Android’s App Inventor: Drag and Drop Programming

It took a while, but Friday afternoon I finally got an invite to use Google’s App Inventor program. What is App Inventor? It’s Google’s attempt to simplify building apps for Android devices. Apps are built using a drag and drop interface, and reflected instantly on a connected Android device.
App Inventor UI screenshot

I was skeptical about the system’s ability to produce apps of any real functionality, but I was happy to be proven mostly wrong. Building a well-structured UI is admittedly almost impossible, with only basic layout and design tools available. But the app inventor does provide easy access to surprisingly complex elements of the Android functionality. The GPS, barcode scanner, camera, speech recognition, and accelerometer are among the tools easily usable via drag and drop. After placing buttons and labels to design the UI, a separate drag and drop interface is used to establish how those elements interact with each other. A series of blocks click into each other, with a bit of typing to provide some details.

Blocks Editor

It’s a nice system, and my skepticism about App Inventor’s potential beyond the toy level was quickly overcome. I ran through the first tutorial app (touch the picture of a cat and it meows! This didn’t help my skepticism…) in a few minutes.

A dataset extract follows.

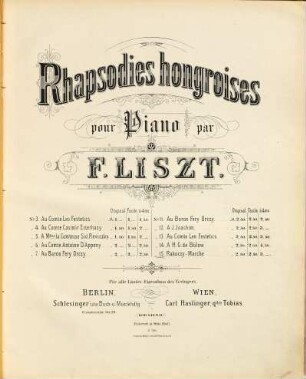 Rhapsodies hongroises : pour le piano. 15, Rekoczy-Marche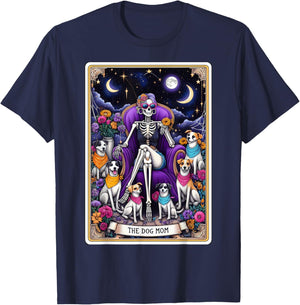 The Dog Mom Tarot Card Women Dog Mama Pup Puppy Skeleton T-Shirt - T-Shirt | Navy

Less than an hour later I’d built an app to search the UNC catalog via an ISBN barcode scan. It relies heavily on our existing catalog webapp to do the actual search, but still! I mastered using the barcode scanner for apps in less than an hour. My previous attempt at Android programming (in Java, before App Inventor existed) took me four hours to build an app that simply displays an image. And that simple task drew on every single bit of programming know-how I could dredge up from my undergrad days.

The barrier to entry for using App Inventor is almost absurdly low. My slight background in programming did help, and I would have taken a bit longer if I wasn’t familiar with things like variables and function returns. But the point of App Inventor is that I wasn’t required to know those things in advance. I could have picked it up in a little extra time. This kind of setup seems perfect for intro-level computer science courses, teaching basic programming concepts while retaining the satisfaction of seeing a fully functional app at the end. Google definitely realizes this and is targeting educators as potential users.

App Inventor is clearly still a beta product, with some notable limitations. Apps built in App Inventor can’t be distributed in the Android Market. The install files need to be manually distributed to phones. There’s also no resulting Java source code to tweak for more advanced purposes. And disappointingly, using APIs beyond a prescribed few (Twitter, Amazon, etc) involves more complicated Python coding. There’s also some strange odds and ends, like not being able to change the app’s icon.

I’m not under any illusions that App Inventor apps will someday replace Java-coded apps. But it got me excited about programming in a way I haven’t been in years. That’s gotta count for something.